## WHAT IS BEING ASKED
Start at the line below containing "Jaylen Brown 2023 panini Donruss Elite" and stop at the line containing "DVD Rychle a zběsile - 3". Repeat every line of that stretch exactly, and nothing outside it.

## RECORDS
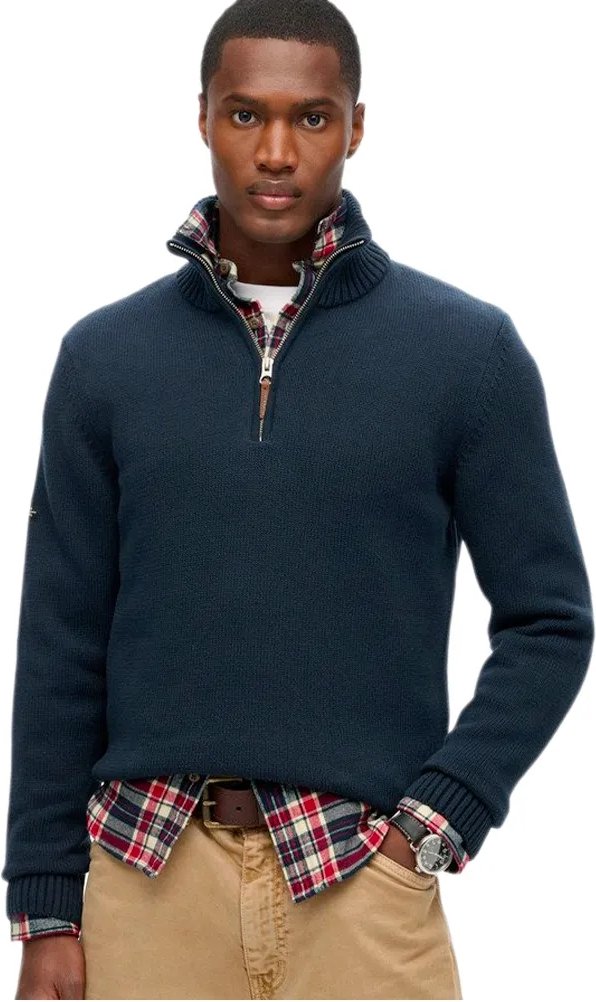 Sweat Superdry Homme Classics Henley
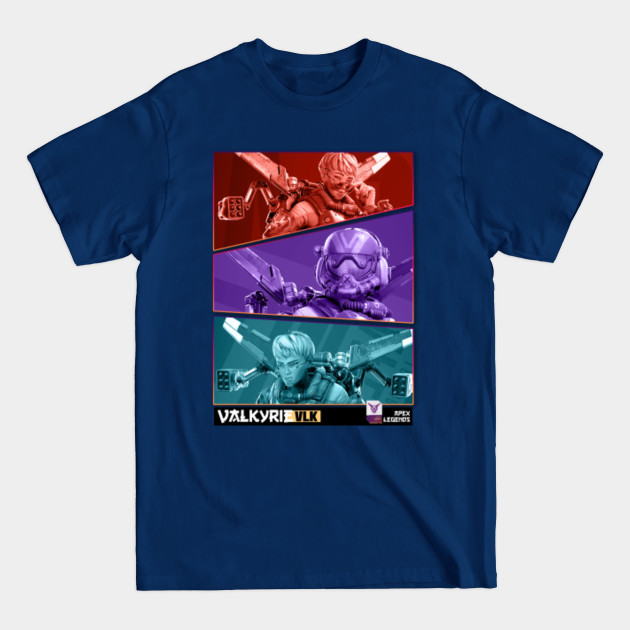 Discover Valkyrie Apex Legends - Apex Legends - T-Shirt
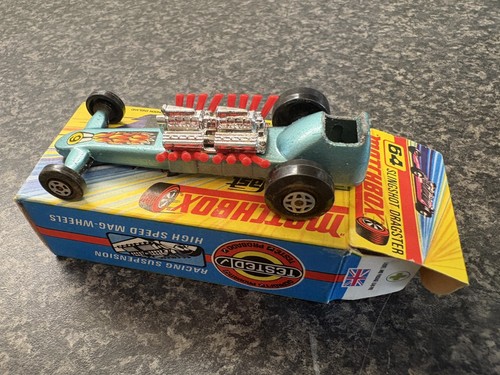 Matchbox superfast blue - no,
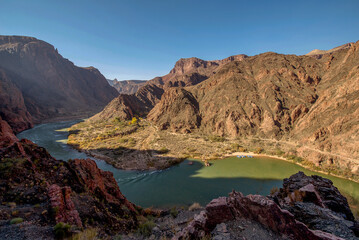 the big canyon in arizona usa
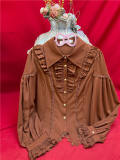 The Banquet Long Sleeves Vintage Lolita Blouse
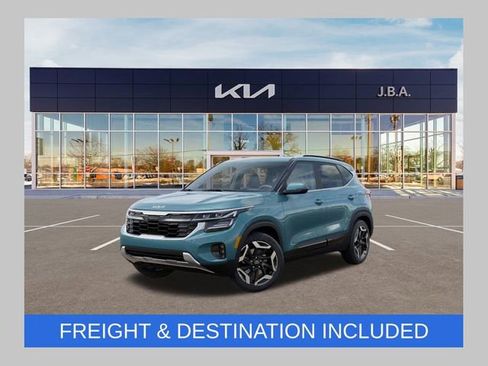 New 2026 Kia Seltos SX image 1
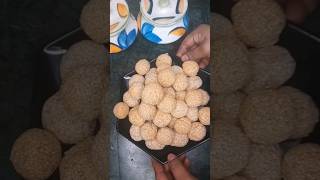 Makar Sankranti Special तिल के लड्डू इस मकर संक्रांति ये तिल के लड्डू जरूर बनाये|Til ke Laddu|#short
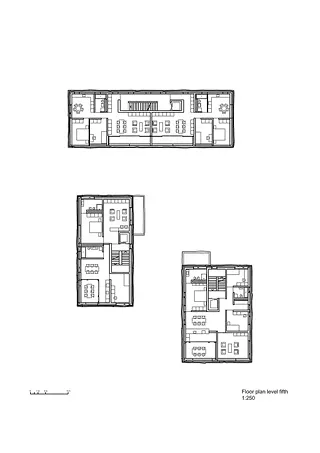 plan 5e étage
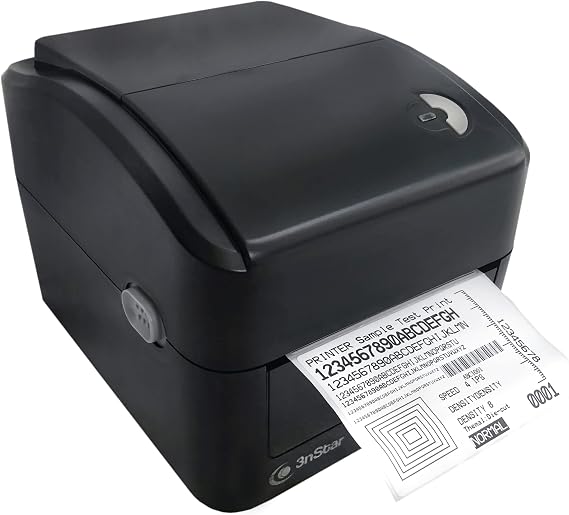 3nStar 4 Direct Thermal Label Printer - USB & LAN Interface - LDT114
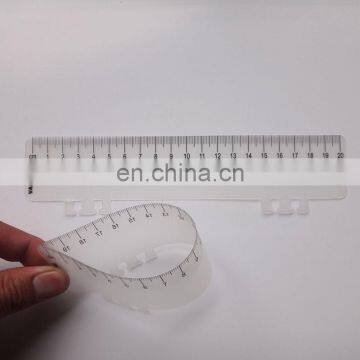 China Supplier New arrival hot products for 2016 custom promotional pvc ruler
...
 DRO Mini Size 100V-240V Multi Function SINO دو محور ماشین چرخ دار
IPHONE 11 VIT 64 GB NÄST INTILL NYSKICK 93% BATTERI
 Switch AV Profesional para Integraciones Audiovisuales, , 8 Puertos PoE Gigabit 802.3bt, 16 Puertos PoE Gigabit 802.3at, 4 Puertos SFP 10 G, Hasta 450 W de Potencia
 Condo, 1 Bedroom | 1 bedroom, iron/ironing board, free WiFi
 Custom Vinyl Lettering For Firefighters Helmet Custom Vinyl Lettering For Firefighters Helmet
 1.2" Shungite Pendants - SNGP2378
---
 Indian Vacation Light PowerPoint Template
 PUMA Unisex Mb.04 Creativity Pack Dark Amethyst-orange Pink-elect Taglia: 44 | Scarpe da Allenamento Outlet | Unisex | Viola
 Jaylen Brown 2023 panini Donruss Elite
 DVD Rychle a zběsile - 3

## YOUR RESPONSE
 Jaylen Brown 2023 panini Donruss Elite
 DVD Rychle a zběsile - 3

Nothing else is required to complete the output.